### BRIEF
Within the listing below, give again exactly the lines between the one containing "Overhead view of" and the one containing "Puede incluir: Un", inclusive, pictures left aside.
======== DATA FOR REVIEW
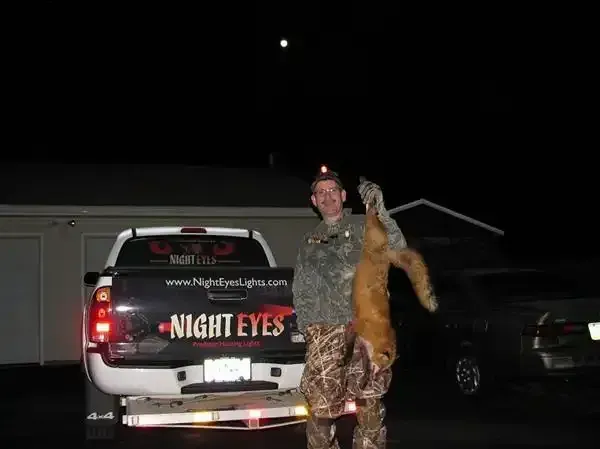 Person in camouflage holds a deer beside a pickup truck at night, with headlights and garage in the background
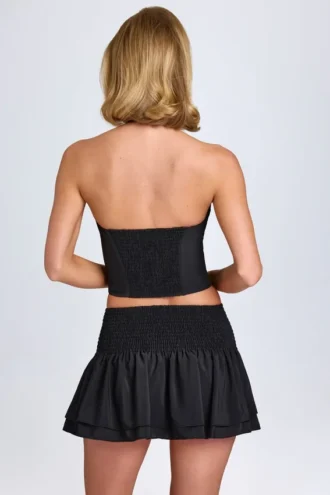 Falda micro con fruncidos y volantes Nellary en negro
================
======== DATA FOR REVIEW
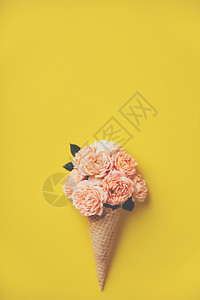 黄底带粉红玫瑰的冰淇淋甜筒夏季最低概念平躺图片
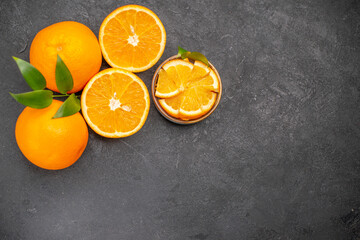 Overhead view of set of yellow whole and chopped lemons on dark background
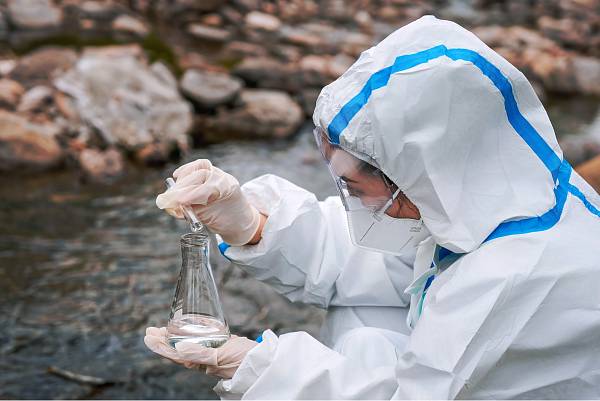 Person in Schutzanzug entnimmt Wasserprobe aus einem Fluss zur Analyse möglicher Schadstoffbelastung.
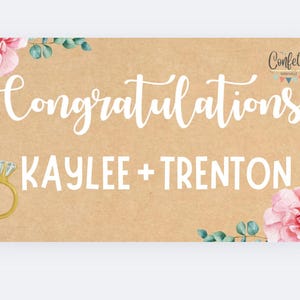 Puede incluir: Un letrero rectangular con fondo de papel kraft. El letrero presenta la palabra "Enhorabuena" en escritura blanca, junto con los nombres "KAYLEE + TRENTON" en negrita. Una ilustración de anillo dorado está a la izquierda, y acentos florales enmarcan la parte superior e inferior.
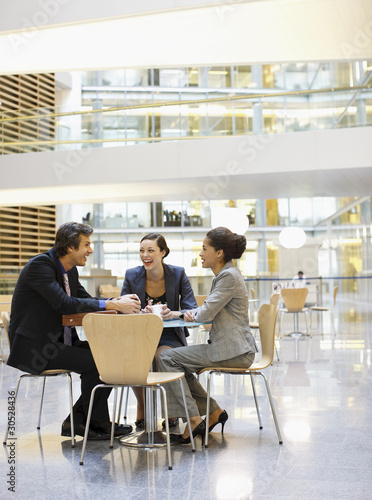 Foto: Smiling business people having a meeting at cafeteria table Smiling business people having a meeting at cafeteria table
================
### SOLVED EXERCISE
 Overhead view of set of yellow whole and chopped lemons on dark background
 Person in Schutzanzug entnimmt Wasserprobe aus einem Fluss zur Analyse möglicher Schadstoffbelastung.
 Puede incluir: Un letrero rectangular con fondo de papel kraft. El letrero presenta la palabra "Enhorabuena" en escritura blanca, junto con los nombres "KAYLEE + TRENTON" en negrita. Una ilustración de anillo dorado está a la izquierda, y acentos florales enmarcan la parte superior e inferior.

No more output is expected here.